Currently, many studies are demonstrating the correlation between enzymatic browning and the overall physiological metabolism of plants. Enzymatic browning was found to be largely associated with lipid metabolism [23]. Lipids play many important physiological roles, such as producing membranes, storing energy and forming signaling molecules [24]. The metabolomic results showed that lipids were the major metabolic components of FG, which is consistent with the results found by Zhang et al. [25], where free fatty acids (FAAs), glycerol ester (GL), lysophosphatidylcholine (LPC) and lysophosphatidylethanolamine (LPE) were the major lipid types.

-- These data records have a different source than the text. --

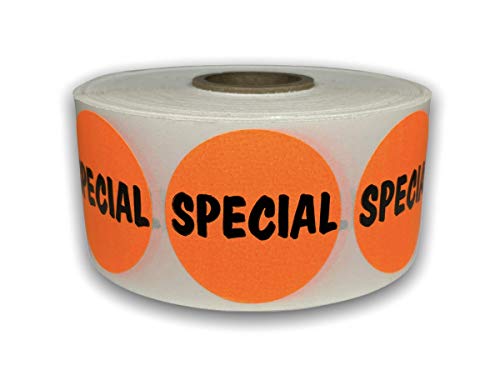 1000 Labels 1.5  Round Special Point of Sale Pricing Inventory Control Retail Stickers 1 Roll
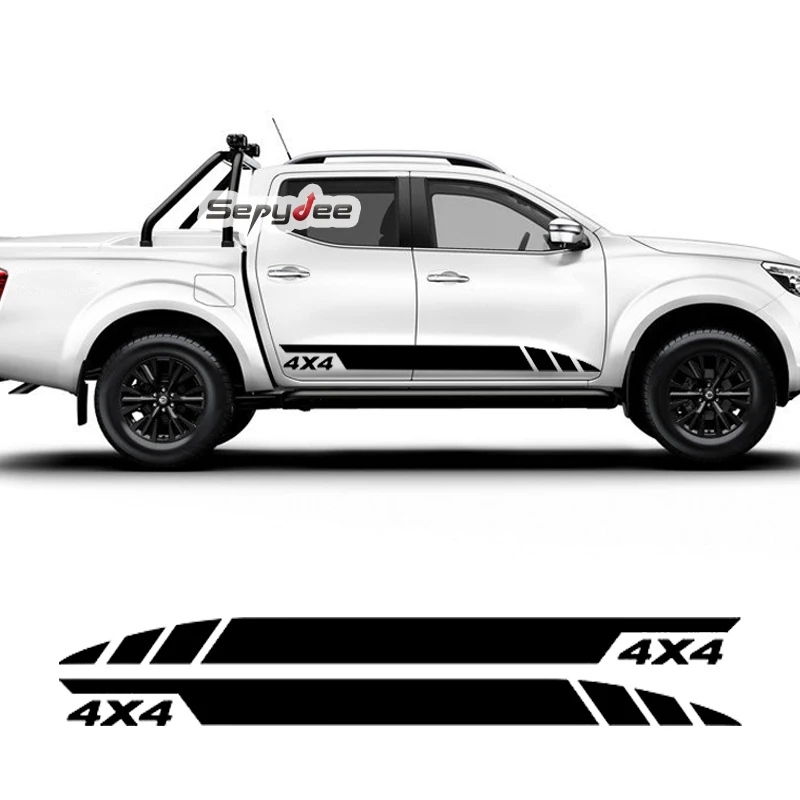 Автомобильная наклейка на дверь и боковую юбку для Nissan Navara 4X4 гоночный Спорт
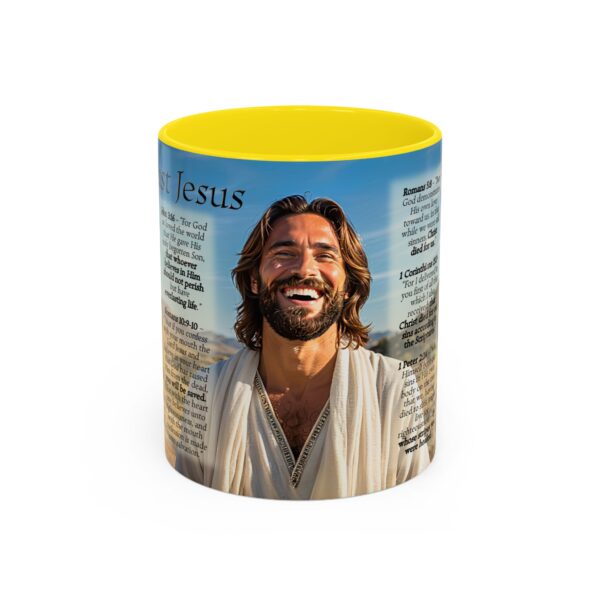 Our inspirational "Just Jesus" and Verses on Salvation Ceramic Accent Coffee Mug Design is Perfect for Wedding Gifts, Inspirational Decor - Image 49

Desiccation causes excessive free radical production, leading to increased membrane lipid peroxidation and increased cell membrane permeability [26], which indirectly contribute to enzymatic browning [27,28], whereas higher relative concentrations of unsaturated fatty acids (e.g., linoleic and linolenic acids) help to maintain the structural integrity and stability of the cellular membranes that impede browning reactions. Thus, the lipid metabolisms of α-linolenic acid metabolism and linoleic acid metabolism contribute to the slowing down of browning. The contents of linoleic and linolenic acids increased with a decreasing water content in this study, further demonstrating the effect of browning due to drying on lipid metabolism. In addition, most of the GLs and FFAs increased with a decreasing water content, while most of the LPCs and LPEs decreased with a decreasing water content. These phenomena are contrary to the results of Zeng et al. [29] and may be related to the mode of drying. Zeng et al. found that heat-induced processes may promote the formation of LPC and LPE; therefore, it can be inferred that non-thermal drying processes may inhibit the formation of LPC and LPE, as well as promote the release of GL and FFAs.

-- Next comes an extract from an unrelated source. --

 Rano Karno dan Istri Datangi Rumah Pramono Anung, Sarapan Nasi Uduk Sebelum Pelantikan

Nucleotide metabolism plays a direct role in maintaining cellular homeostasis. Purines and pyrimidines are required for primary and secondary metabolism, which are basic cellular biochemical processes necessary for cell growth [30]. The adenosine/adenine pathway is thought to be effective in maintaining high levels of adenosine triphosphate (ATP) during plant damage, and altering purine levels can make plants more resistant to stress and promote sensitivity to stress [31]. Thus, when plants are damaged, the purine pathway usually becomes active. The present study is in agreement with the above findings as the levels of most of the metabolites involved in the purine pathway increased with a decreasing water content during drying, with significantly higher levels of guanosine, adenosine and adenine, suggesting that nucleotide metabolism also has an effect on browning. In addition, the accumulation of cytidine, which is thought to potentially prevent browning, was highly enriched in the pyrimidine metabolic pathway depending on the relative content of the metabolite.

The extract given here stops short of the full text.